# Old Lang 84D Refurbished



## jcam222 (Mar 14, 2022)

Many of you know I got this old style 84D in Nov 2020. Paid $2000 and thought it was a 60 only to learn it was bigger lol. Finally started cooking on it on the spring of 2021 and fell in love with cooking on it.  Decided to give it a facelift. Here it is at the place I bought it. Quite a bit of surface rust is all I knew at the time. Later learned it had about a half inch gap in the diverter plate at the firebox. 
	

		
			
		

		
	











	

		
			
		

		
	
 Sent it out to have the diverter plate patched, completely blasted and painted. Here it is after sandblasting 
	

		
			
		

		
	










	

		
			
		

		
	
 Here is the finished product. 
	

		
			
		

		
	










	

		
			
		

		
	
 I treated her to a new set of chrome wheels, just seemed right lol. The guy also fabbed me a missing damper wheel and new fire grate as well. I’m all in on this at $3950 between purchase price and facelift and couldn’t  be happier. I need to fire it up this weekend to bake the paint for awhile. It’s triple coated with Rustoleum High Temp BBQ and Grill paint.  Thanks for looking!


----------



## BrianGSDTexoma (Mar 14, 2022)

Thing of Beauty!  Nice Job.


----------



## Nefarious (Mar 14, 2022)

Wow, awesome device.  Are you cooking for all of us here at SMF?


----------



## sawhorseray (Mar 14, 2022)

Great move Jeff, always enthralled by the cooks you post, looking forward to the next one! RAY


----------



## negolien (Mar 14, 2022)

That's freaking amazing my friend. TY for sharing


----------



## pineywoods (Mar 14, 2022)

Jeff that is the identical smoker I have but yours certainly looks a whole lot better than mine. I had to repair the plate at the firebox on mine to and it wasn't any fun. That thing looks brand new


----------



## radioguy (Mar 14, 2022)

Looking great now to get it a bit dirty.  Good call !

RG


----------



## jcam222 (Mar 14, 2022)

pineywoods said:


> Jeff that is the identical smoker I have but yours certainly looks a whole lot better than mine. I had to repair the plate at the firebox on mine to and it wasn't any fun. That thing looks brand new


The guy that did it is a whole lot smaller than me. He said he ended up cutting out the slide channel for the upper rack and climbing in to do the work. Told me he smelled like giant bacon after haha.


----------



## GonnaSmoke (Mar 14, 2022)

HECK YEAH, Jeff!! Show us what you got there brother...


----------



## bauchjw (Mar 14, 2022)

Wow! What an incredible find and great deal! I’m excited for you! Looks incredible!


----------



## pineywoods (Mar 14, 2022)

jcam222 said:


> The guy that did it is a whole lot smaller than me. He said he ended up cutting out the slide channel for the upper rack and climbing in to do the work. Told me he smelled like giant bacon after haha.

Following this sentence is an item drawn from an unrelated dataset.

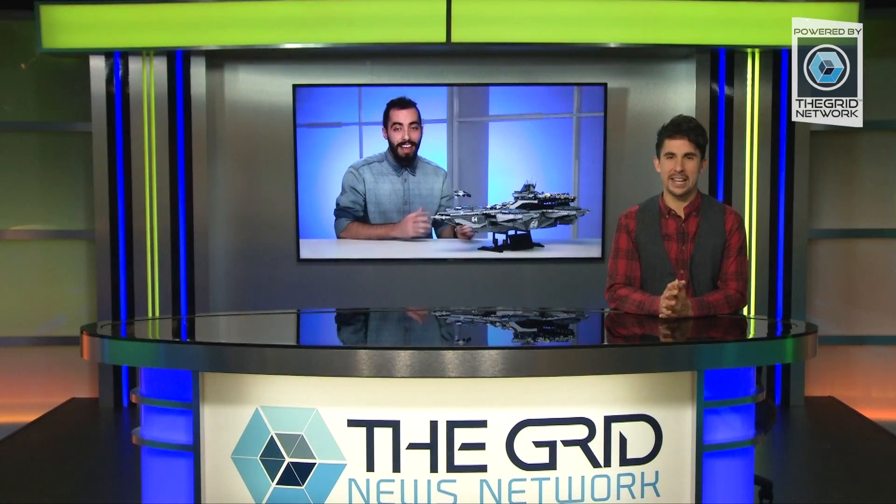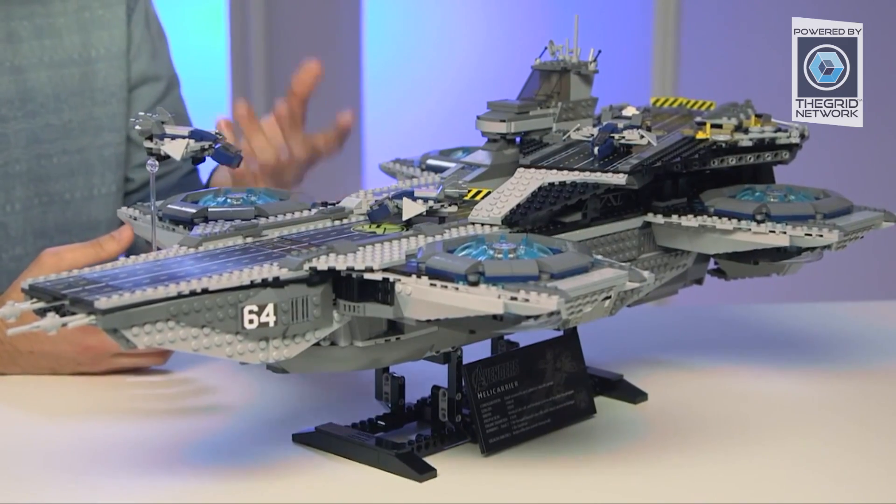What's up LEGO Maniacs? It is Aaron here with the Grid Network. LEGO has just announced their most epic Marvel set ever — it's the SHIELD Helicarrier, a 2,996 piece behemoth of a set.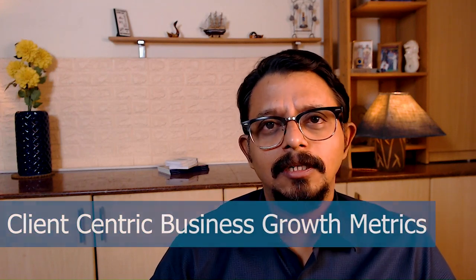Now we will talk about certain growth metrics for client-centric organizations, particularly in B2B. According to me, the client-centric business growth and success measures particularly for B2B organizations are as follows.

Yes sir that was about the way I did it as well but didn't have to cut the rail I have long arms. DId he tell you he about fell into the smoker before he got in at 6' 3 and 300 lbs I wasn't fitting inside lol. I put on a set of disposable coveralls before I started thankfully it was a cool day. Thank goodness for doors on both sides I had a friend pass me the tool I needed at the time I needed it like the grinder, vacuum hose, welding stuff, When he wasn't laughing his a$$ off he did take some pics but I later got his phone and deleted them before he sent them to very many of our friends  He and the ones he sent pics to still tease me about stuffing 15 lbs of sh** into a 10 lb sack.


----------



## uncle eddie (Mar 15, 2022)

That definitely looks like a labor of love!  You did a great job!


----------



## xray (Mar 15, 2022)

She’s a beaut, Jeff!


----------



## SmokinVOLfan (Mar 15, 2022)

Hell yeah Jeff that is a thing of beauty! Guy did a great job! You are going to have to tell your wife to park her car on the street that bad boy needs a home in the garage. 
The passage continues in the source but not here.